Prompt: Only the pictures should be dropped; every line of the data must come back exactly as written.

Dataset section:
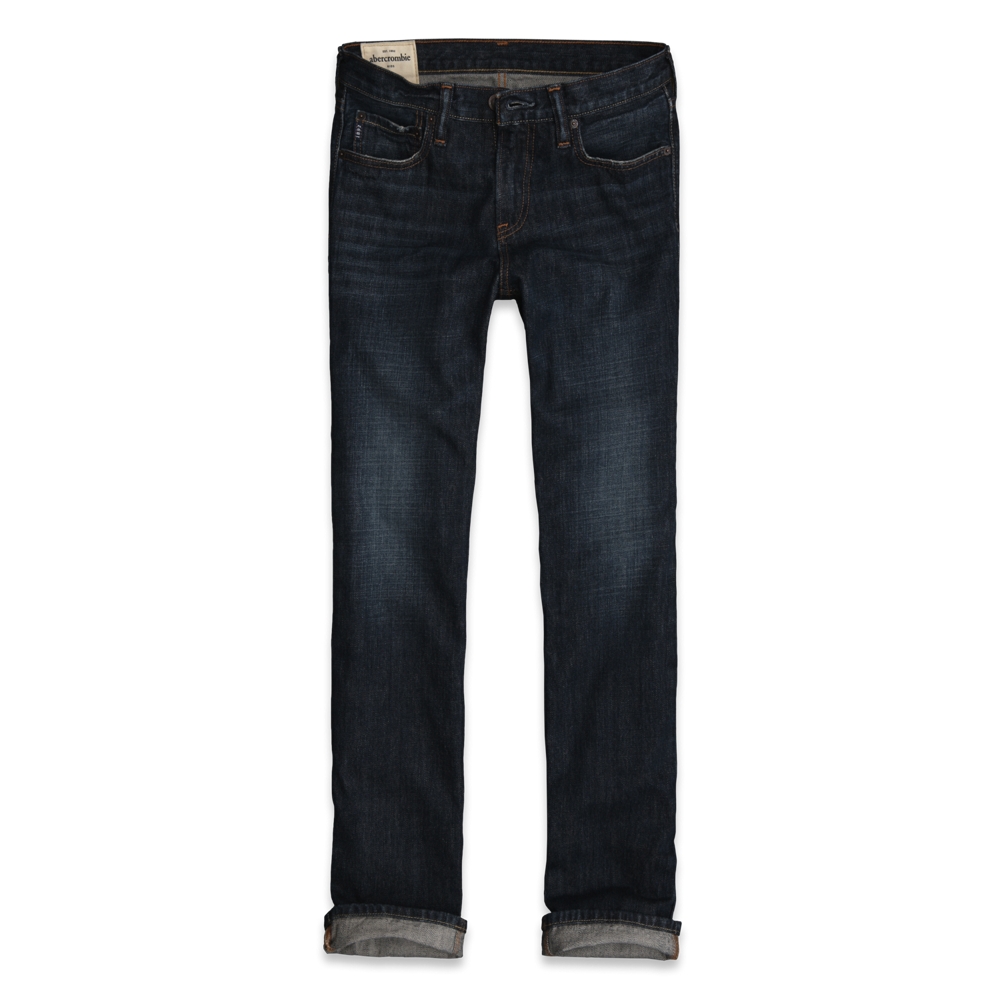 guys a&f  slim straight jeans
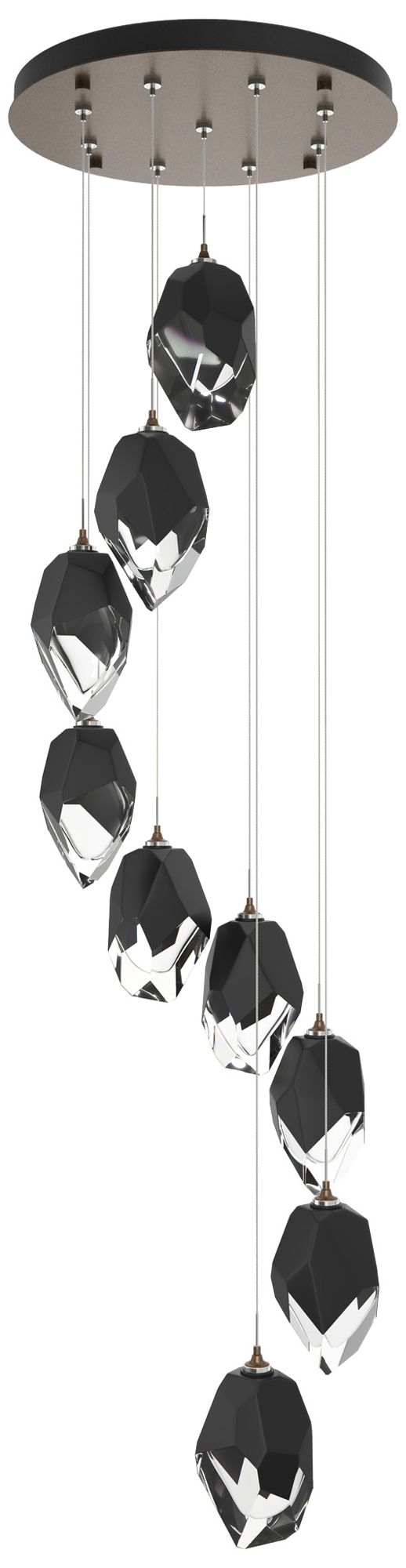 Chrysalis 20.5" 9-Light Crystal Bronze Long Pendant Made to Order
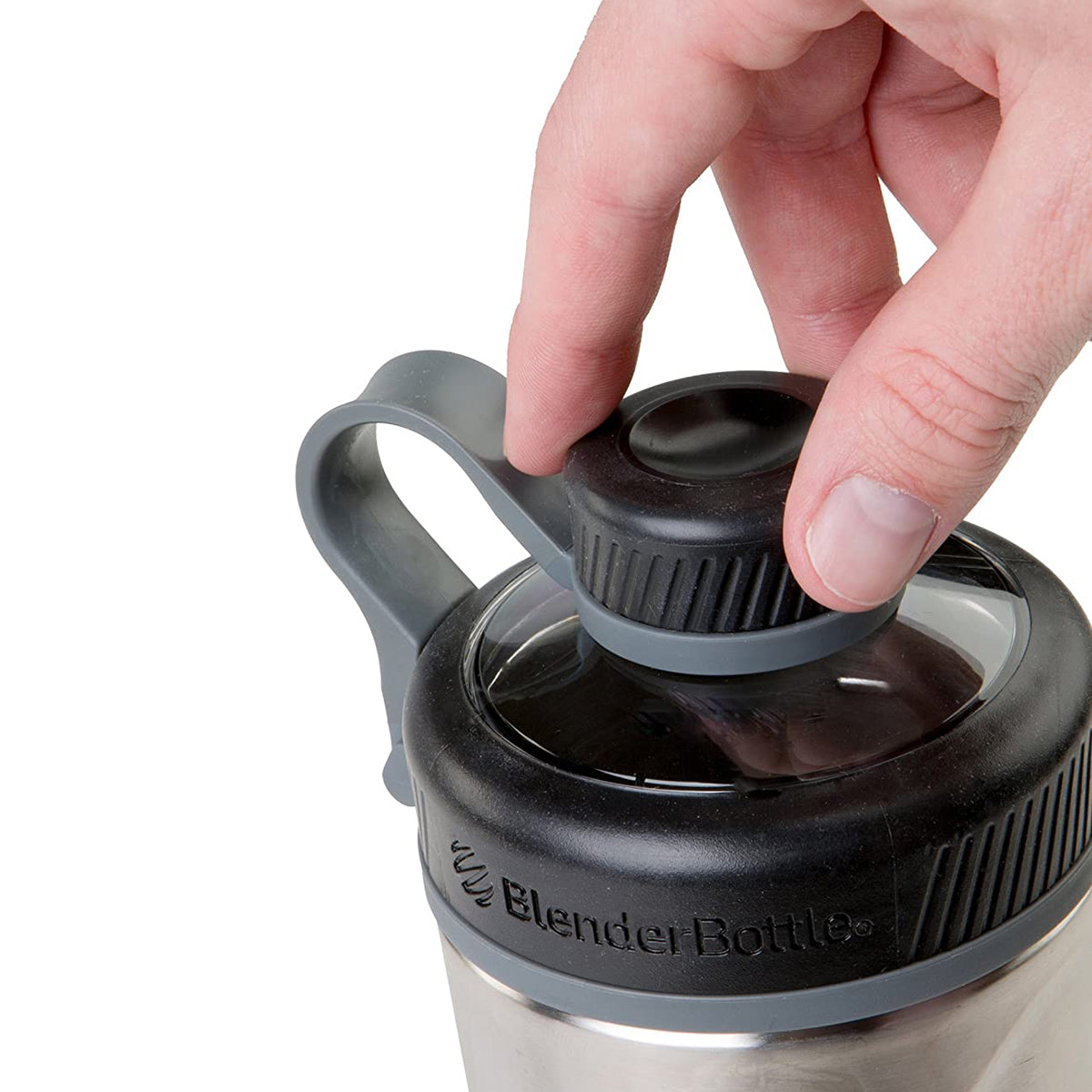 Blender Bottle Radian 26 oz. Stainless Steel Shaker Mixer Cup with Loop Top Blender Bottle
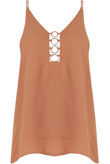 Camel Ring Plunge Neck Cami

Problem solution:
 guys a&f  slim straight jeans
 Chrysalis 20.5" 9-Light Crystal Bronze Long Pendant Made to Order
 Blender Bottle Radian 26 oz. Stainless Steel Shaker Mixer Cup with Loop Top Blender Bottle
 Camel Ring Plunge Neck Cami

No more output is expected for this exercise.